Entomological indicator
The entomological indicator used was the Premise Index (PI) [16] obtained for each SA as the percentage of all inspected premises which were found with at least one positive breeding site for Aedes aegypti larvae. These data were provided by professionals of Entomological Surveillance System of the municipality.
Data analysis
We estimated the crude seroprevalence by SA and presented the respective Confidence Intervals of 95%. The global seroprevalence, by LC strata and by sex were estimated and presented the respective Confidence Intervals of 95%, design effect and the intra class correlation (ICC). The Seroprevalence Ratio by LC was estimated as well as the respective Confidence Intervals of 95%. Pearson chi squared (χ2) tests were used to test association between CHIKV seroprevalence and the four LC strata assuming p<0.05 and Poisson Regression was used to estimate the Seroprevalence Ratios, assuming as reference the high LC. To test the correlation between CHIKV seroprevalence and ILC, population density and PI, we applied the non-parametric Spearman correlation test. All analyses were performed using Stata software version 12.0 (Stata Corporation, College Station, USA).
Results
We visited 15,045 households and 6,977 of these were excluded (being commercial, uninhabited, or refusals). In the remaining 8,068 (53.6%) households, we interviewed 16,620 inhabitants. Next, 2,960 (17.8%) of them were randomly selected to the serosurvey, but only 1,981 (66.9%) agreed to participate (Fig 2), being 67.6% women and almost 25% aged over 60 years. This distribution was similar to that of the interviewed population.
Bahia-Brazil, 2017.
The majority of participants self-declared as mixed race (62.2%) or black (23.0%). However, in the SA with high LC there was a larger proportion of white people (19.2%) than in the low LC (8.8%). The percentage of inhabitants reporting more than 12 years of formal education was highest in the high LC area (11.7%) and decreased as the LC declined to the very low area (3.3%). It was observed that in all SA predominated income between 1 and 2 minimum wages and only in the high and intermediate LC strata there were SA with income greater than five minimum wages (Table 1). These differences were statistically significant. The percentage of data missing related to income variable was high in all AS (average 35.1%), ranging from 29.3% to 38.0% in low and high LC, respectively.

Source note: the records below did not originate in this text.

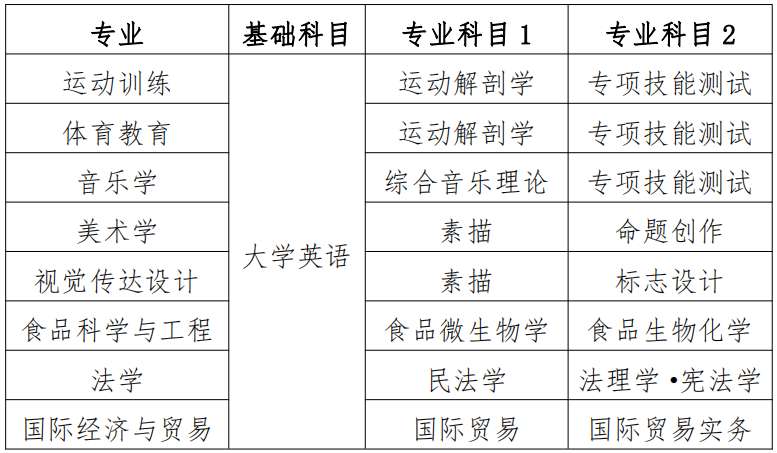 衡陽師范學院2022年專升本考試科目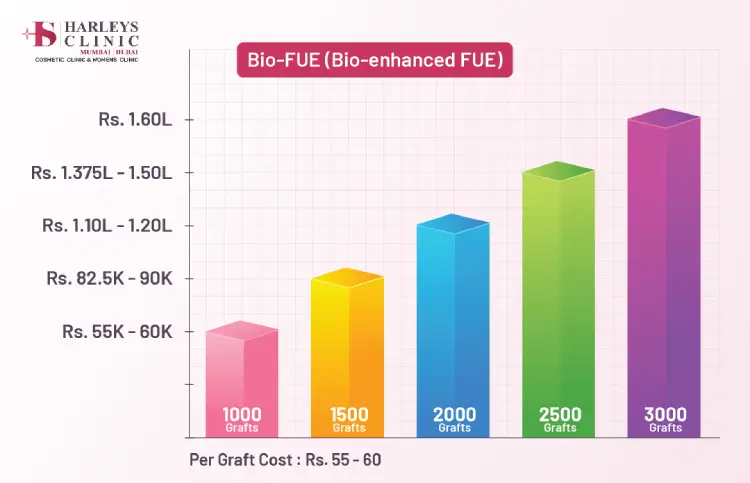 Bio-FUE (Bio-enhanced FUE)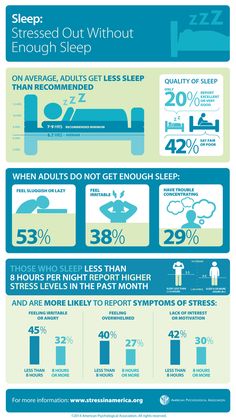 22 Behaviours That Helps Improve Emotional Intelligence - thezeroed Insomnia Causes, Sleep Habits, Restless Legs, How To Sleep, Sleep Studies, Body Fat Percentage, Ways To Sleep, Sleep Remedies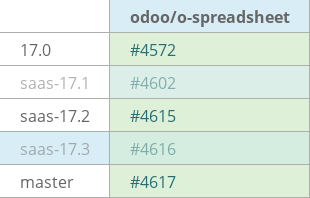 Pull request status dashboard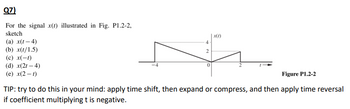 Answered Q For The Signal X T Illustrated In Bartleby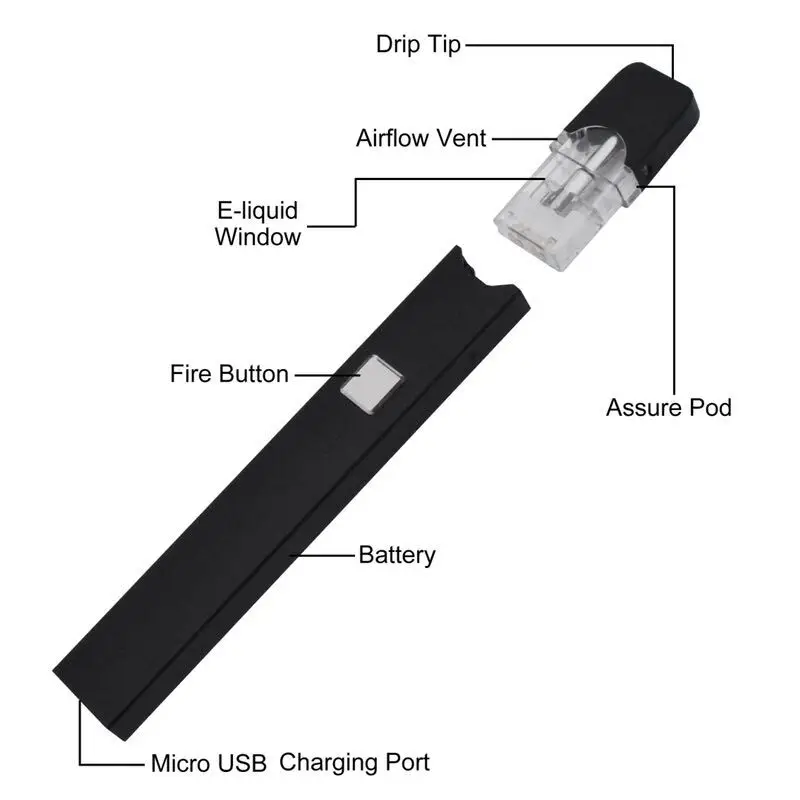 Vape Pod MJTECH OLAX V3 картридж для JUUL JC01 JBOX стартовый мод 0 5 Ом 7 мл емкость электронная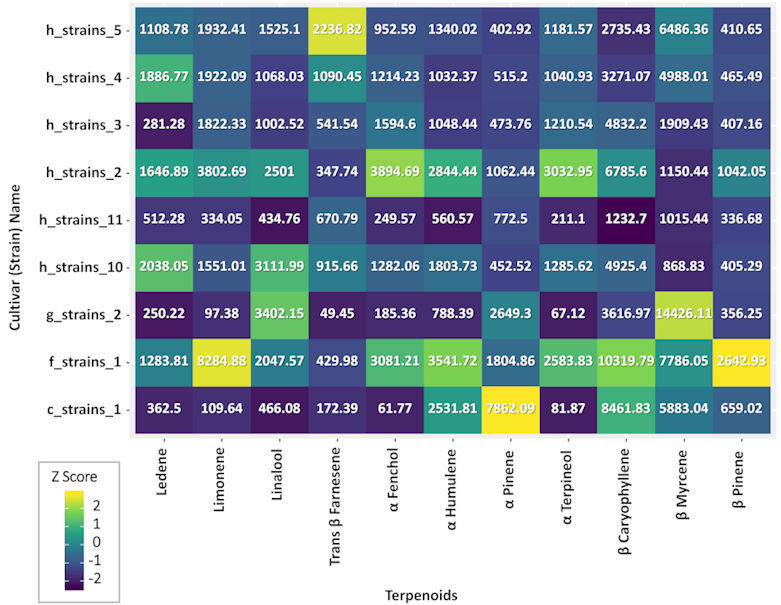 Terpenoids Relative Dose in the Most Frequently Consumed Cultivars.Colors on the graph represent the scaled terpenoid dose variations between cultivars; the numbers in each box represent the median concentration (parts per million) of the specific terpenoid within each cultivar.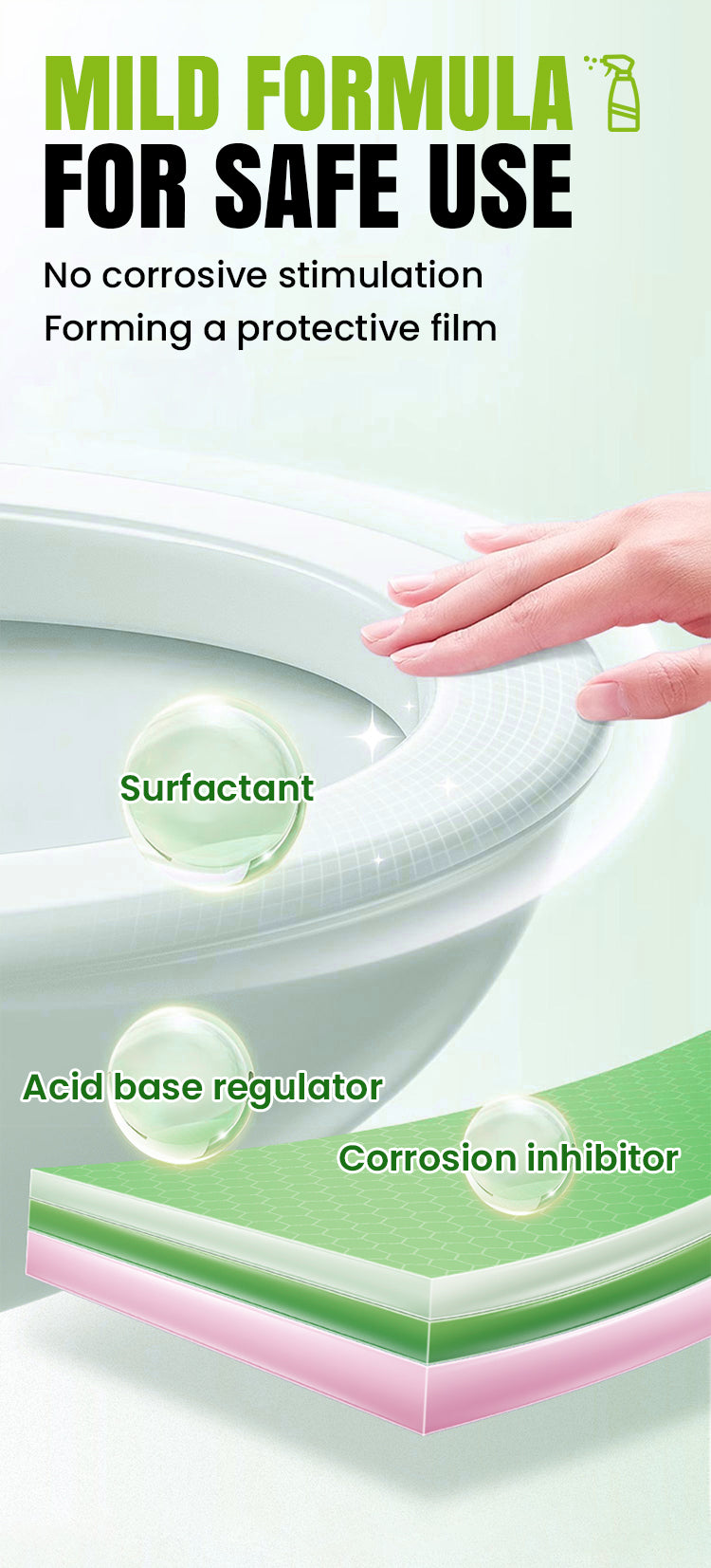 🔥New Hot Selling❤️‍🔥Multi-Purpose Oxalic Acid Stain Removal Cleaning Spray - onlinemegasale.com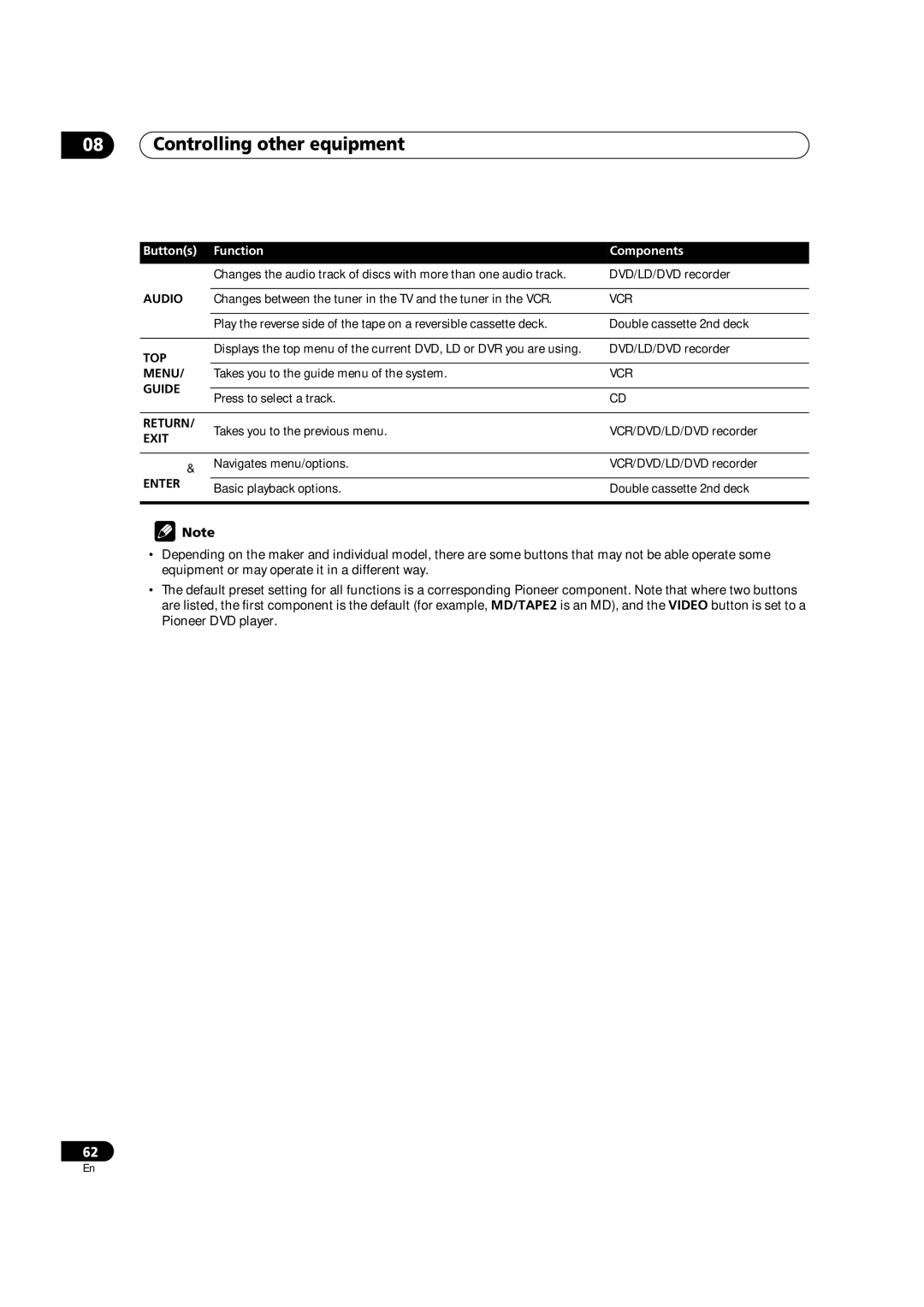 Pioneer VSX-AX5Ai-G, VSX-AX5Ai-S manual Top, Exit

Feira de Santana–Bahia, April to September, 2017.
The global CHIKV seroprevalence was 22.1% (CI95% 16.7–28.6), being 82.3% of these were IgG only; 11.2% IgM only; and 6.5% both IgG and IgM and varied from 2.0% to 70.5% in the SA 29 and 12, respectively, both located in the low stratum (Fig 3A and 3B). The median value of seroprevalence in SA of high LC was 9.9% (3.2 to 16.7%), 18.9% (5.4 to 47.7%) in intermediate, 14.1% (2.0 to 70.5%) in low and 12.9% (8.0 to 55.4%) in very low LC (Fig 4). It was 15.1% (CI95%11.6–19.4) for women and 7.0% (CI95% 4.9–9.9) for men. The value of this indicator by LC was 11.4% (CI95% 6.6–19.0) in high, 27.3% (CI95% 17.3–40.2) in intermediate, 20.6% (CI95% 10.5–36.4) low, and 26.9% (CI95% 9.7–55.9) in very low LC. The means of population density varied from 4,878.9 in very low to 5,674.2 inhab/km2 in high LC strata. Regarding to PI, the means varied from 1.58 in very low to 2.74 in high LC strata. The association between the seroprevalence and LC of SA was not significant (Pearson chi squared, p = 0.15). The ICC was estimated in 0.20 (CI95% 0.17–0.23) (Table 2). The Spearman correlation test evidenced independence between LCI and seroprevalence (r = 0,11 and p = 0,57). Fig 5 shows the heterogeneity in the distribution of seroprevalence by LC strata, according to the LCI. The correlations were not significant for all LC strata: high (r = -0.38; p = 0.46), intermediate (r = 0.35; p = 0.30), low (r = -0.04; p = 0.93) and very low (r = -0.50; p = 0.39).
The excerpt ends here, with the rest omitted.